• [Extracted entries]:
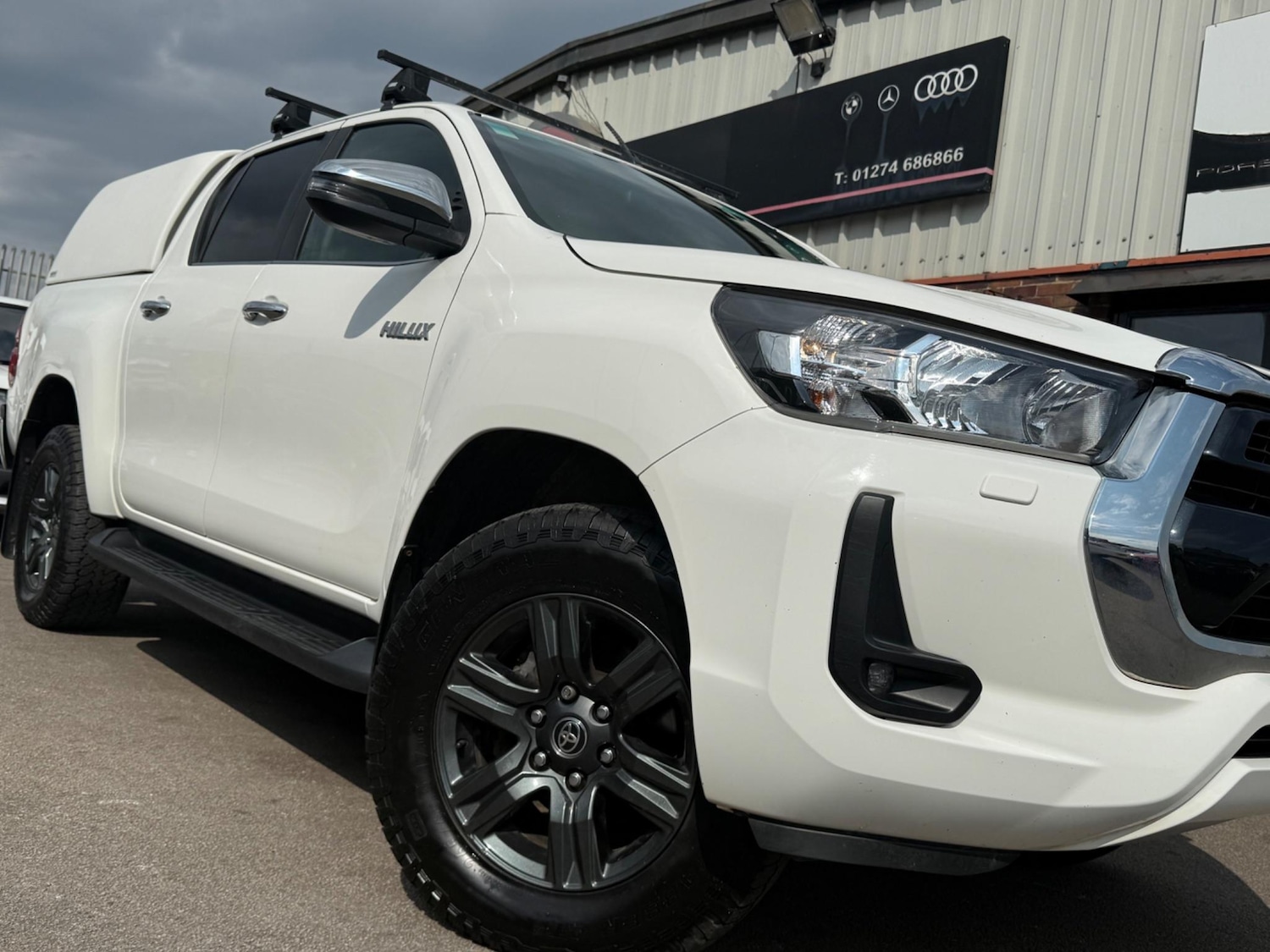 Used Toyota Hilux 2021 for sale - 77352046: Photo 16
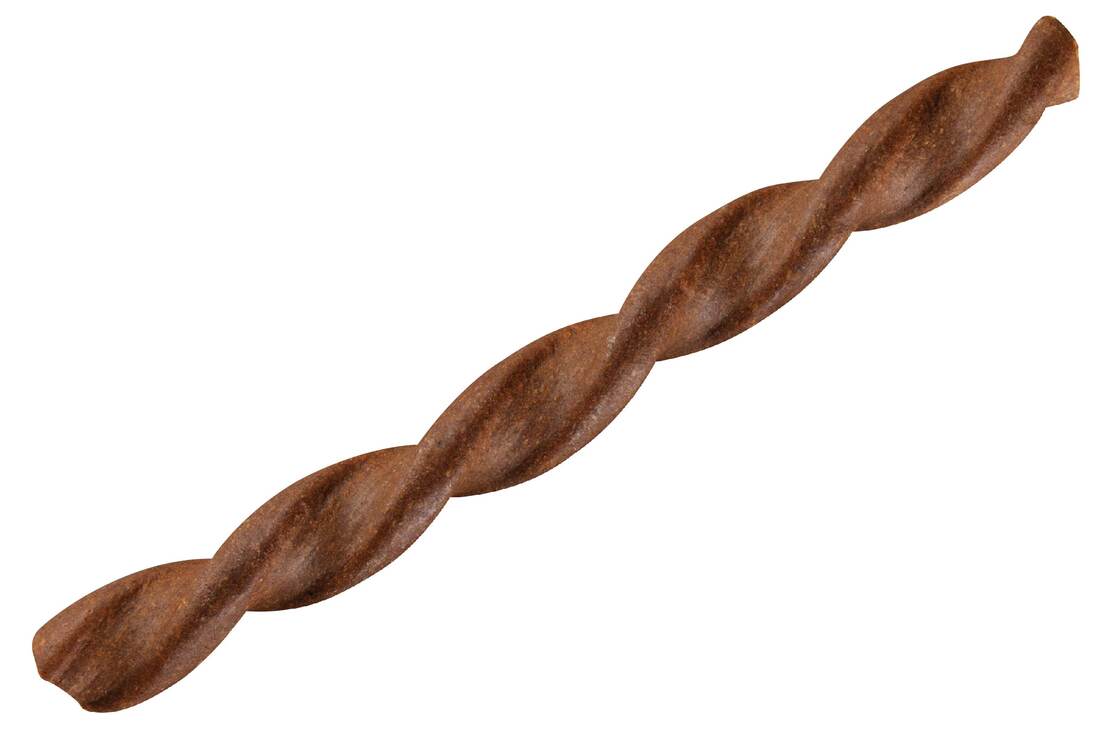 Emerald Pet Peanutty Twizzies, 9 Inches, 1 Each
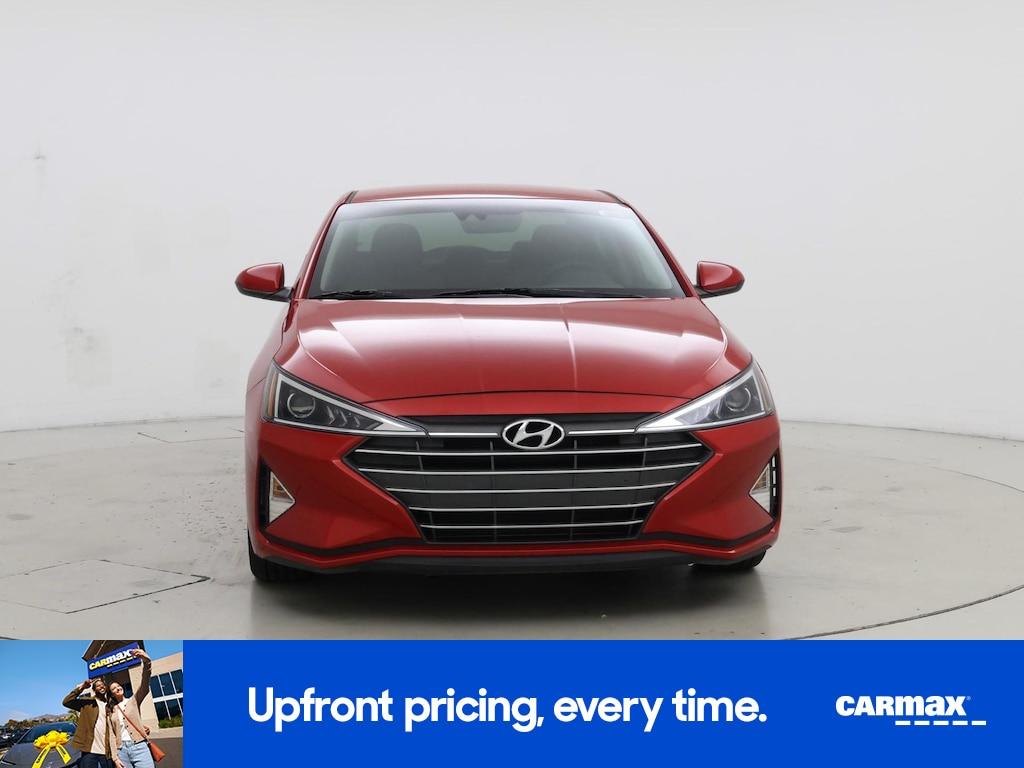 used 2020 Hyundai Elantra car, priced at $16,998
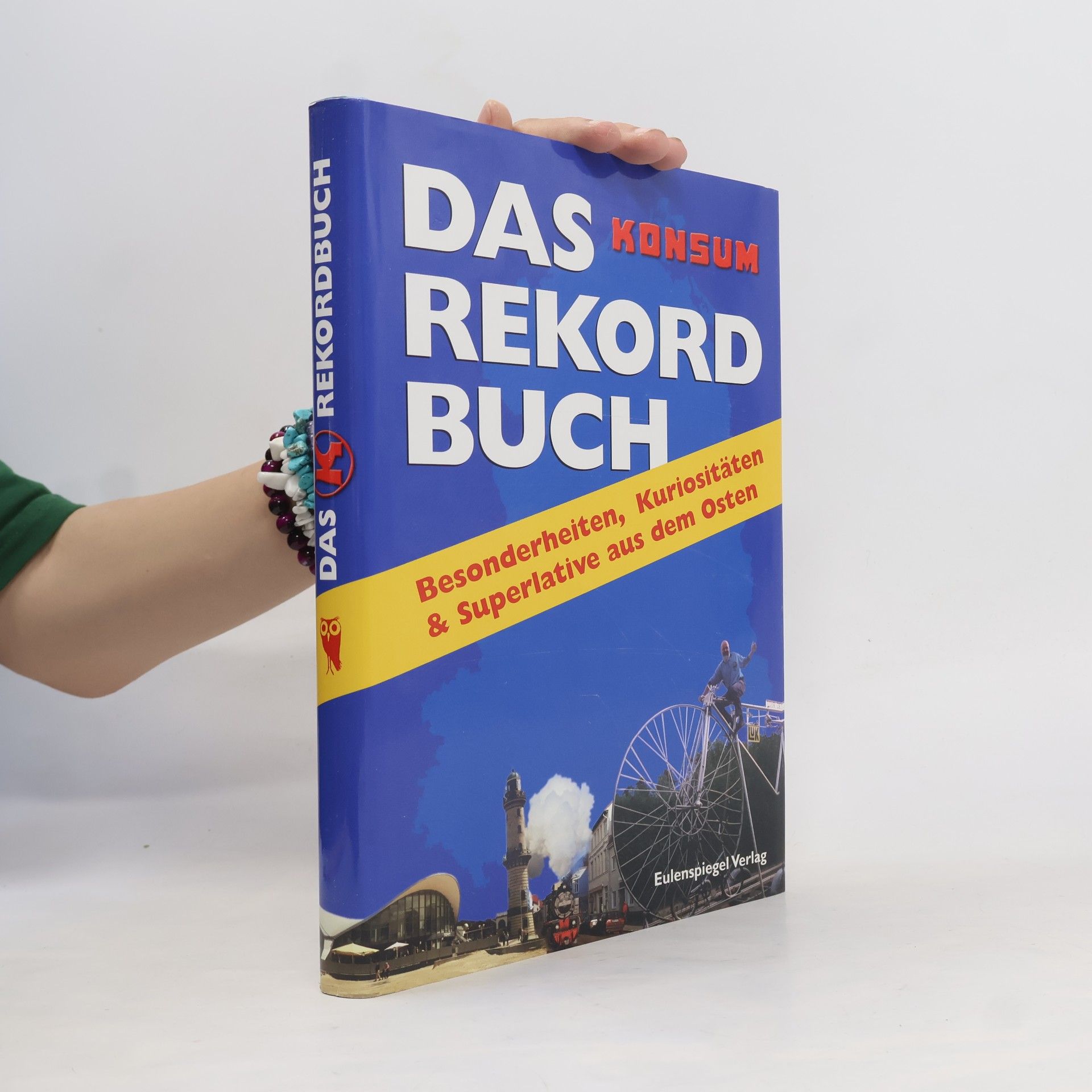 Wolfgang Richter Das Rekordbuch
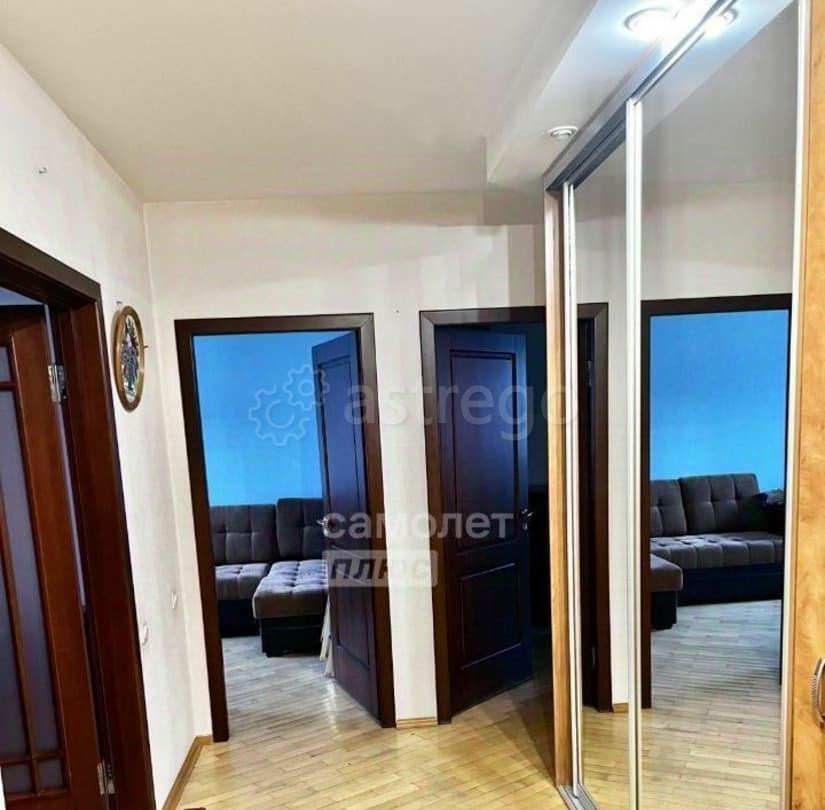3-комн. квартира, 70 м2, 6/17 эт. Москва - изображение 3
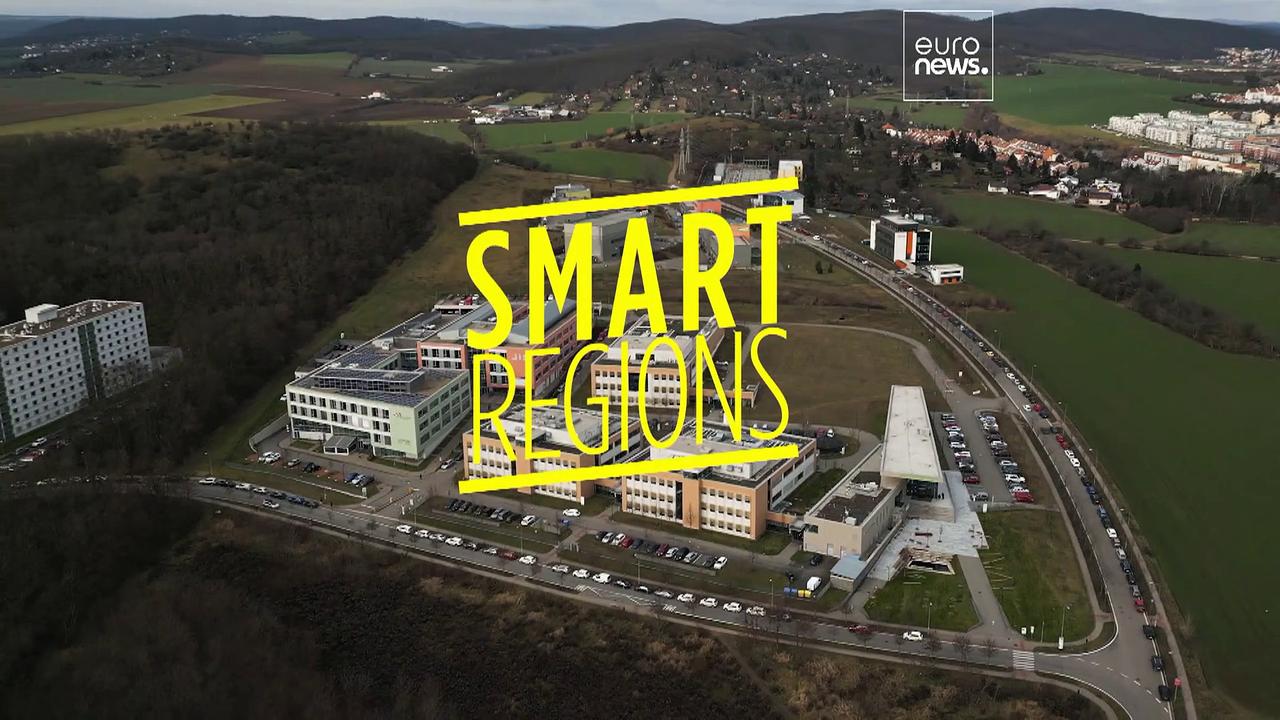 How Brno transformed from a textile city to a high-tech hub of business and innovation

• [Work to be completed]: Skip the pictures and reproduce all remaining entries exactly.

• [Solution for this exercise]:
 Used Toyota Hilux 2021 for sale - 77352046: Photo 16
 Emerald Pet Peanutty Twizzies, 9 Inches, 1 Each
 used 2020 Hyundai Elantra car, priced at $16,998
 Wolfgang Richter Das Rekordbuch
3-комн. квартира, 70 м2, 6/17 эт. Москва - изображение 3
 How Brno transformed from a textile city to a high-tech hub of business and innovation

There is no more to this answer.